§ **Information provided**
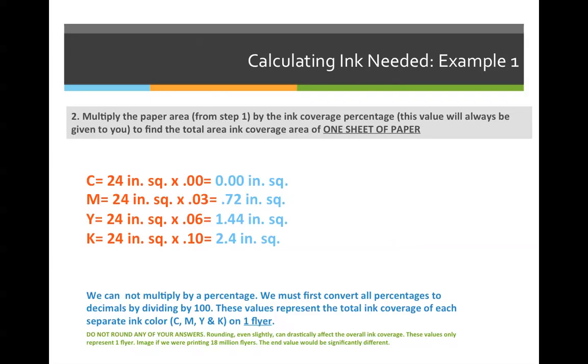Step two: multiply the paper area from step one by the ink coverage percentage given in the problem. Cyan requires zero square inches because coverage is 0%. Magenta requires 0.25 square inches per envelope, yellow is 1.44 square inches, and black is 2.4 square inches. But these values are only for one envelope, and we're printing two million of them.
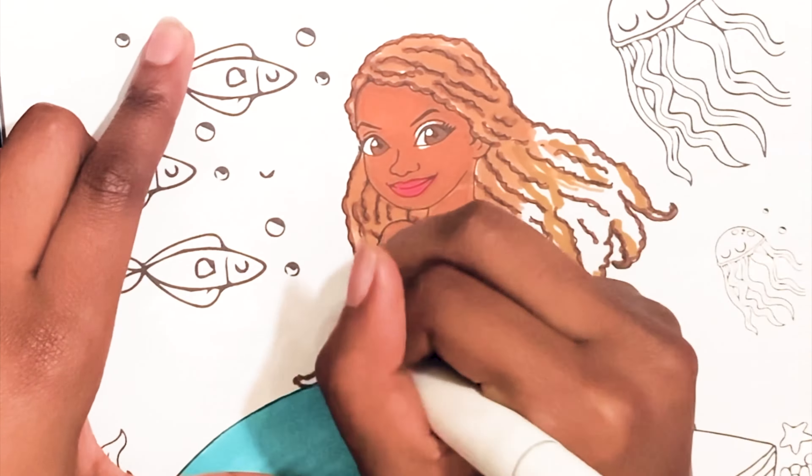There we are friends. We are all done. Thank you for coloring with me. Until next time, see you later.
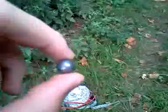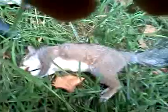Chief AJ quick point, Theratube red, 44.5 cal lead. This is probably the biggest squirrel I've killed with a slingshot. Nice kill. Alright guys, thanks for watching.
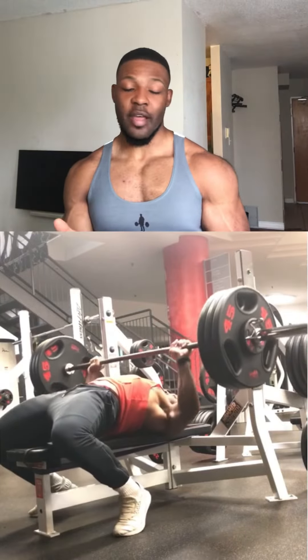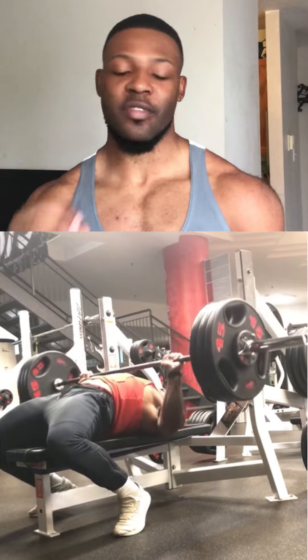So today it's chest, triceps, and shoulders. Let's go through it. Our first exercise is pause bench reps. We select a weight, do it for three reps, and make sure to do five sets.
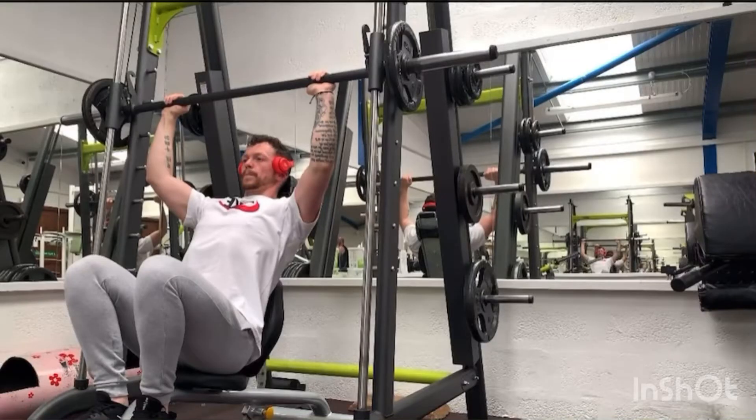Welcome back to another RFIT Physique exercise tutorial. Here we have the seated Smith Machine shoulder press. We're targeting the shoulder muscles. I have the bench set back one slot from fully vertical to try and target a little bit of the upper chest as well.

§ **Prompt**
All lines from the one containing "There we are" to the last line of the data above, both included, should be printed exactly, and the pictures should not appear.

§ **Response to the task**
There we are friends. We are all done. Thank you for coloring with me. Until next time, see you later.
Chief AJ quick point, Theratube red, 44.5 cal lead. This is probably the biggest squirrel I've killed with a slingshot. Nice kill. Alright guys, thanks for watching.
So today it's chest, triceps, and shoulders. Let's go through it. Our first exercise is pause bench reps. We select a weight, do it for three reps, and make sure to do five sets.
Welcome back to another RFIT Physique exercise tutorial. Here we have the seated Smith Machine shoulder press. We're targeting the shoulder muscles. I have the bench set back one slot from fully vertical to try and target a little bit of the upper chest as well.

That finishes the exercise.